- DATASET CONTENT:
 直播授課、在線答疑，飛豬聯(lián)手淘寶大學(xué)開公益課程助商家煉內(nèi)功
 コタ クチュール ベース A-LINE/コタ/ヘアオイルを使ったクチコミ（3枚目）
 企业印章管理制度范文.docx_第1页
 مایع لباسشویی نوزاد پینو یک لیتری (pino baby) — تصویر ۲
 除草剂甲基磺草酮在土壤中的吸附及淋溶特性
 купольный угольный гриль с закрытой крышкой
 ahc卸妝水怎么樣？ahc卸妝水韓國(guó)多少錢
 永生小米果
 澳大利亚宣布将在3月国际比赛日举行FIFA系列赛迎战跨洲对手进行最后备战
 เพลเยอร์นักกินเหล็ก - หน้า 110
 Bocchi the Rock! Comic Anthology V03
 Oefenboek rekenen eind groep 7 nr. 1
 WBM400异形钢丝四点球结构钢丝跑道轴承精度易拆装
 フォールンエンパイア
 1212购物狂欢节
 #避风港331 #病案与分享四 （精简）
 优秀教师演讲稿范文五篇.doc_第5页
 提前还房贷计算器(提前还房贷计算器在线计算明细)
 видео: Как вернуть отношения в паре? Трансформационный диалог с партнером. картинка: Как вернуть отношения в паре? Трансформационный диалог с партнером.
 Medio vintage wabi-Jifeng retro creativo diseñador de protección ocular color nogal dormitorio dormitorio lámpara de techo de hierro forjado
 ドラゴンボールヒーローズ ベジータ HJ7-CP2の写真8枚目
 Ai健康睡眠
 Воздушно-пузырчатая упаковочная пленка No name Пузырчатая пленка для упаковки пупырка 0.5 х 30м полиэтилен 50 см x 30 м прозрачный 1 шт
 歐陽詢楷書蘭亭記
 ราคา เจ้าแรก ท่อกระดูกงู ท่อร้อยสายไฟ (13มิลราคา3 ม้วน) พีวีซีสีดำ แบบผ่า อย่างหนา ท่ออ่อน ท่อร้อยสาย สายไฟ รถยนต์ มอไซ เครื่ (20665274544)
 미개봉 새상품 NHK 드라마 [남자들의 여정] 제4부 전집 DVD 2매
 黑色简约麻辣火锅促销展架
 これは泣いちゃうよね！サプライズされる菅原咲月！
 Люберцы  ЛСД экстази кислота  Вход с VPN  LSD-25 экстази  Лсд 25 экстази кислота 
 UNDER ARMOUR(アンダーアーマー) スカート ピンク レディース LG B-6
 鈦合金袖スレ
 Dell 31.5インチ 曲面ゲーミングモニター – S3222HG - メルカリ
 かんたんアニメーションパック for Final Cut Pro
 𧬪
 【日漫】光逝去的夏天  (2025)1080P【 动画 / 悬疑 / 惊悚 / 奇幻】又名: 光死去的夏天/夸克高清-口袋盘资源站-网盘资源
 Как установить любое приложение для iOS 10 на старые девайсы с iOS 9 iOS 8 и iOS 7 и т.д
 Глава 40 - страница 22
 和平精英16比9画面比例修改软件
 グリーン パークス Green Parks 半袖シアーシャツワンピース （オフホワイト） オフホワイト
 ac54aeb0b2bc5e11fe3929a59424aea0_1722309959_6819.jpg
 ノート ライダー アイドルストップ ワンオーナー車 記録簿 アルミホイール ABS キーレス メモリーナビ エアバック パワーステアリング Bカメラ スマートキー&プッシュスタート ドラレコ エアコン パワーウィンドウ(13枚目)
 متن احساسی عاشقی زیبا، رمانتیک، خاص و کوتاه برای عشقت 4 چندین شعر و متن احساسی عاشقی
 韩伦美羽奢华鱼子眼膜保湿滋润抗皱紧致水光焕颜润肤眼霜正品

- EXERCISE AIM: The answer is every entry, copied word for word.

- YOUR SOLUTION:
 直播授課、在線答疑，飛豬聯(lián)手淘寶大學(xué)開公益課程助商家煉內(nèi)功
 コタ クチュール ベース A-LINE/コタ/ヘアオイルを使ったクチコミ（3枚目）
 企业印章管理制度范文.docx_第1页
 مایع لباسشویی نوزاد پینو یک لیتری (pino baby) — تصویر ۲
 除草剂甲基磺草酮在土壤中的吸附及淋溶特性
 купольный угольный гриль с закрытой крышкой
 ahc卸妝水怎么樣？ahc卸妝水韓國(guó)多少錢
 永生小米果
 澳大利亚宣布将在3月国际比赛日举行FIFA系列赛迎战跨洲对手进行最后备战
 เพลเยอร์นักกินเหล็ก - หน้า 110
 Bocchi the Rock! Comic Anthology V03
 Oefenboek rekenen eind groep 7 nr. 1
 WBM400异形钢丝四点球结构钢丝跑道轴承精度易拆装
 フォールンエンパイア
 1212购物狂欢节
 #避风港331 #病案与分享四 （精简）
 优秀教师演讲稿范文五篇.doc_第5页
 提前还房贷计算器(提前还房贷计算器在线计算明细)
 видео: Как вернуть отношения в паре? Трансформационный диалог с партнером. картинка: Как вернуть отношения в паре? Трансформационный диалог с партнером.
 Medio vintage wabi-Jifeng retro creativo diseñador de protección ocular color nogal dormitorio dormitorio lámpara de techo de hierro forjado
 ドラゴンボールヒーローズ ベジータ HJ7-CP2の写真8枚目
 Ai健康睡眠
 Воздушно-пузырчатая упаковочная пленка No name Пузырчатая пленка для упаковки пупырка 0.5 х 30м полиэтилен 50 см x 30 м прозрачный 1 шт
 歐陽詢楷書蘭亭記
 ราคา เจ้าแรก ท่อกระดูกงู ท่อร้อยสายไฟ (13มิลราคา3 ม้วน) พีวีซีสีดำ แบบผ่า อย่างหนา ท่ออ่อน ท่อร้อยสาย สายไฟ รถยนต์ มอไซ เครื่ (20665274544)
 미개봉 새상품 NHK 드라마 [남자들의 여정] 제4부 전집 DVD 2매
 黑色简约麻辣火锅促销展架
 これは泣いちゃうよね！サプライズされる菅原咲月！
 Люберцы  ЛСД экстази кислота  Вход с VPN  LSD-25 экстази  Лсд 25 экстази кислота 
 UNDER ARMOUR(アンダーアーマー) スカート ピンク レディース LG B-6
 鈦合金袖スレ
 Dell 31.5インチ 曲面ゲーミングモニター – S3222HG - メルカリ
 かんたんアニメーションパック for Final Cut Pro
 𧬪
 【日漫】光逝去的夏天  (2025)1080P【 动画 / 悬疑 / 惊悚 / 奇幻】又名: 光死去的夏天/夸克高清-口袋盘资源站-网盘资源
 Как установить любое приложение для iOS 10 на старые девайсы с iOS 9 iOS 8 и iOS 7 и т.д
 Глава 40 - страница 22
 和平精英16比9画面比例修改软件
 グリーン パークス Green Parks 半袖シアーシャツワンピース （オフホワイト） オフホワイト
 ac54aeb0b2bc5e11fe3929a59424aea0_1722309959_6819.jpg
 ノート ライダー アイドルストップ ワンオーナー車 記録簿 アルミホイール ABS キーレス メモリーナビ エアバック パワーステアリング Bカメラ スマートキー&プッシュスタート ドラレコ エアコン パワーウィンドウ(13枚目)
 متن احساسی عاشقی زیبا، رمانتیک، خاص و کوتاه برای عشقت 4 چندین شعر و متن احساسی عاشقی
 韩伦美羽奢华鱼子眼膜保湿滋润抗皱紧致水光焕颜润肤眼霜正品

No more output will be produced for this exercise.